• **How to complete this task**
Look below for the line that contains "008 bet - FlamingPhoenix: O" and the line that contains "Quenza By Interhome", then restate both of them and every line in between, exactly. No picture goes in the copy.

Stored dataset items
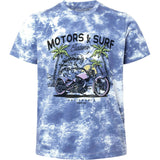 Motors & Surf T-shirt, Boys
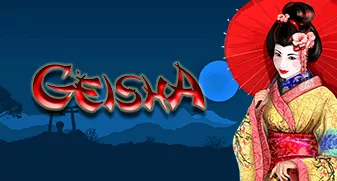 Geisha game tile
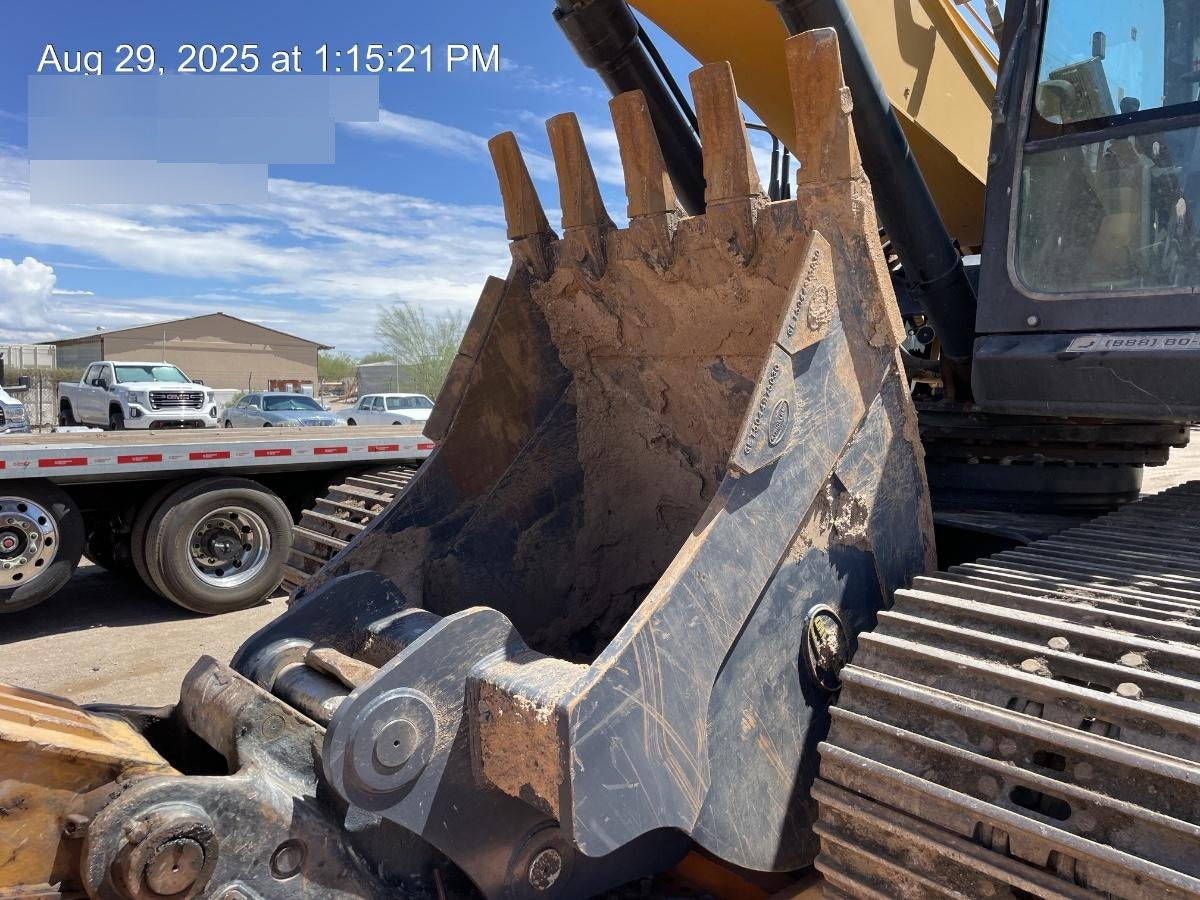 2025 STRICKLAND BT-45048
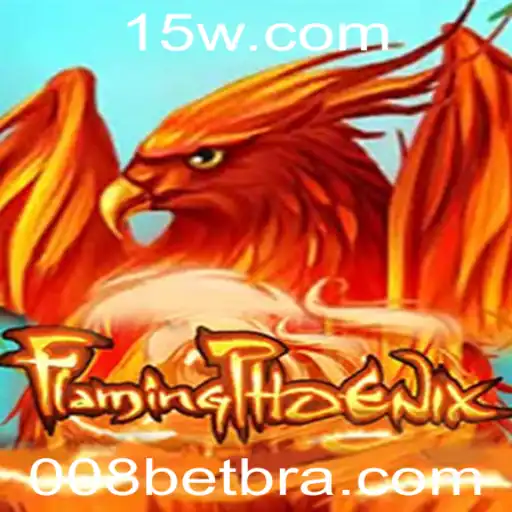 008 bet - FlamingPhoenix: O Novo Jogo de Estratégia que Está Dominando a Cena do Entretenimento e as Apostas com 008 Bet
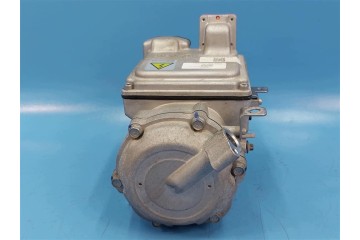 Air conditioning compressor Dacia Spring 926007596R T240670534 2020 Catalog number of the part 926007596R 31032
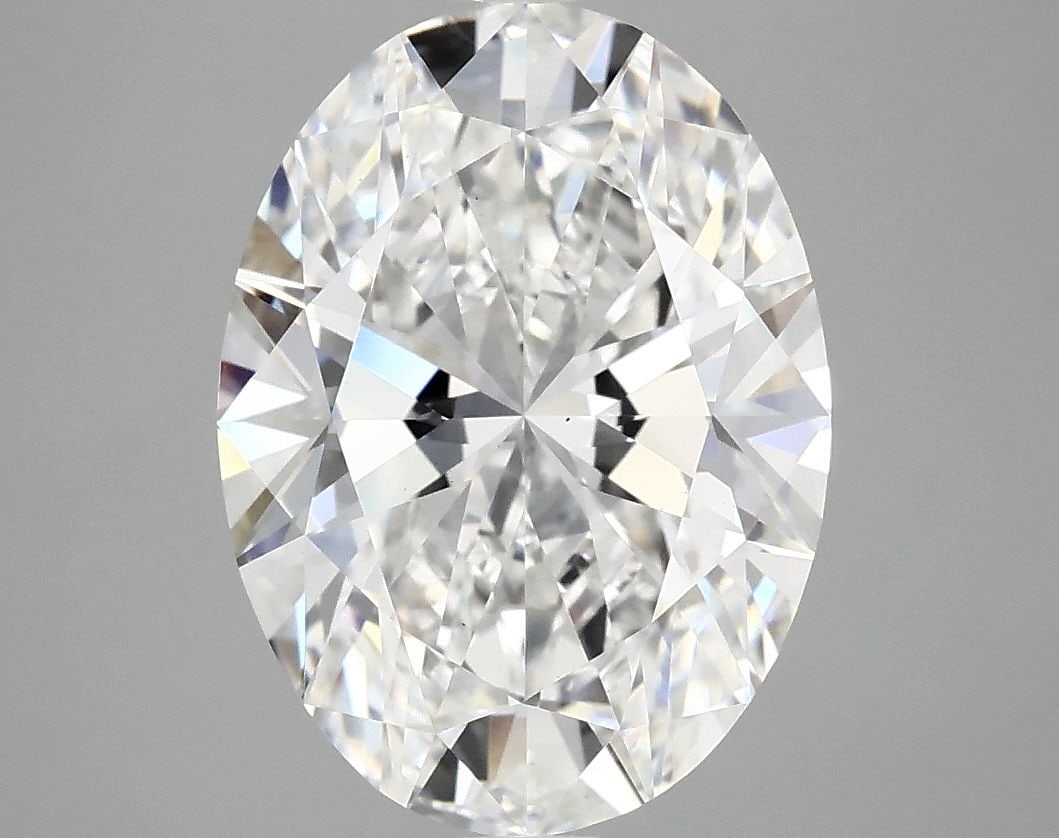 Loose Diamond - OVAL 3.91ct E VS1: Loose Diamond - OVAL 3.91ct E VS1 Source: This is a real non-mined Diamond that has been grown in a lab Shape: OVAL Carats: 3.91 Color: E Clarity: VS1 Certification: IGI Video:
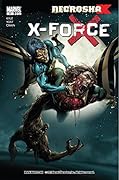 X-Force (2008-2012) #23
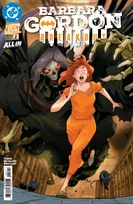 Barbara Gordon: Breakout #2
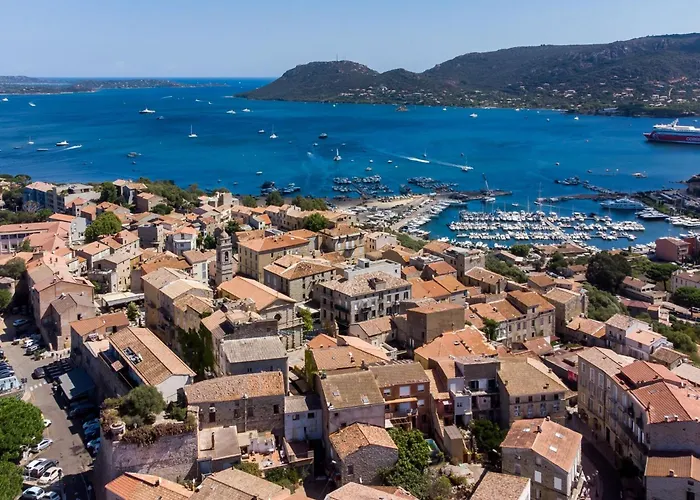 Quenza By Interhome Feriehus Porto-Vecchio (Corsica)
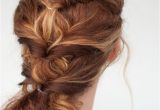 Easy Work Hairstyles for Curly Hair 20 Quick and Easy Hairstyles You Can Wear to Work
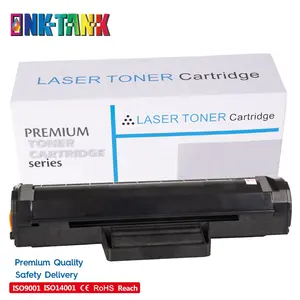 INK-TANK 105A 106A 107A 110A 112A W1105A W1107A W1106A W1110A Premium Black Compatible Laser Toner Cartridge For HP Printer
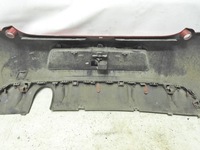 фото thumb №12, Citroen ds3 09-14 cabrio epy бампер задняя 9683741270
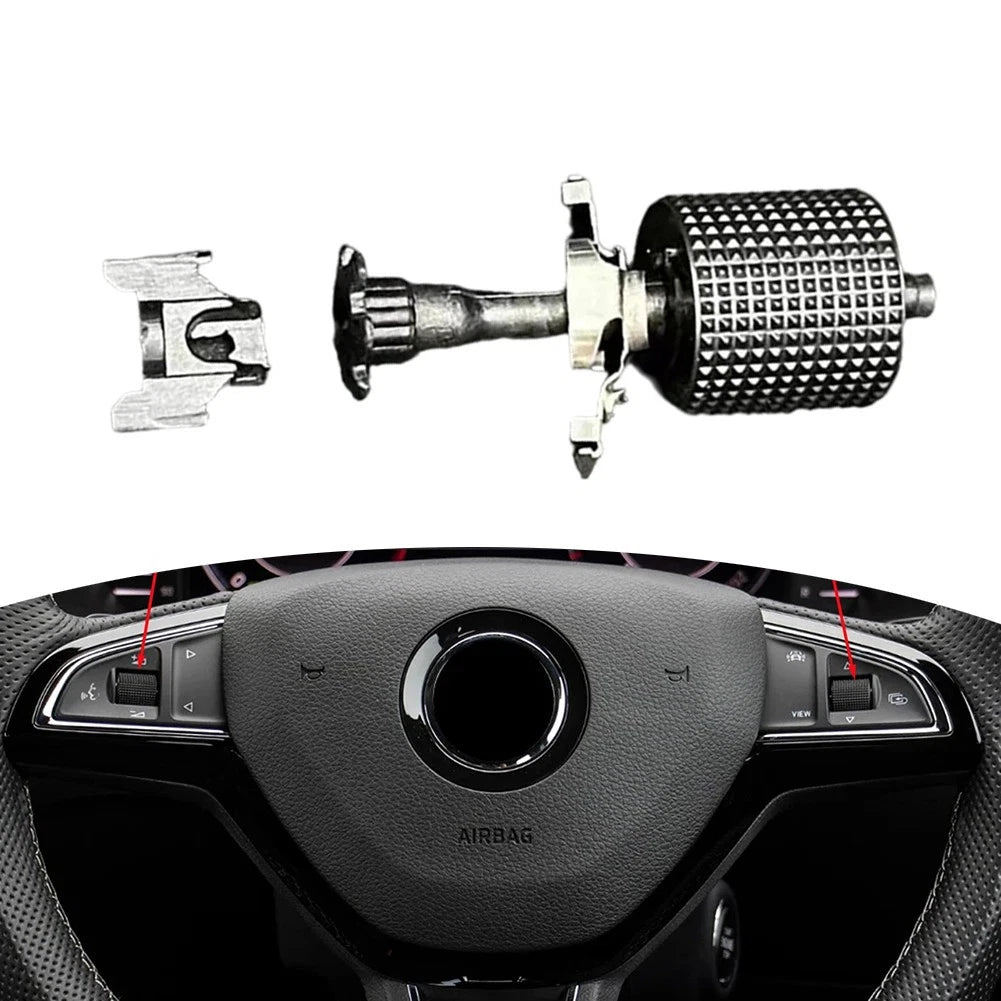 Steering Wheel Rollers for Skoda (5ED919179)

• **Output for this task**
 008 bet - FlamingPhoenix: O Novo Jogo de Estratégia que Está Dominando a Cena do Entretenimento e as Apostas com 008 Bet
 Air conditioning compressor Dacia Spring 926007596R T240670534 2020 Catalog number of the part 926007596R 31032
 Loose Diamond - OVAL 3.91ct E VS1: Loose Diamond - OVAL 3.91ct E VS1 Source: This is a real non-mined Diamond that has been grown in a lab Shape: OVAL Carats: 3.91 Color: E Clarity: VS1 Certification: IGI Video:
 X-Force (2008-2012) #23
 Barbara Gordon: Breakout #2
 Quenza By Interhome Feriehus Porto-Vecchio (Corsica)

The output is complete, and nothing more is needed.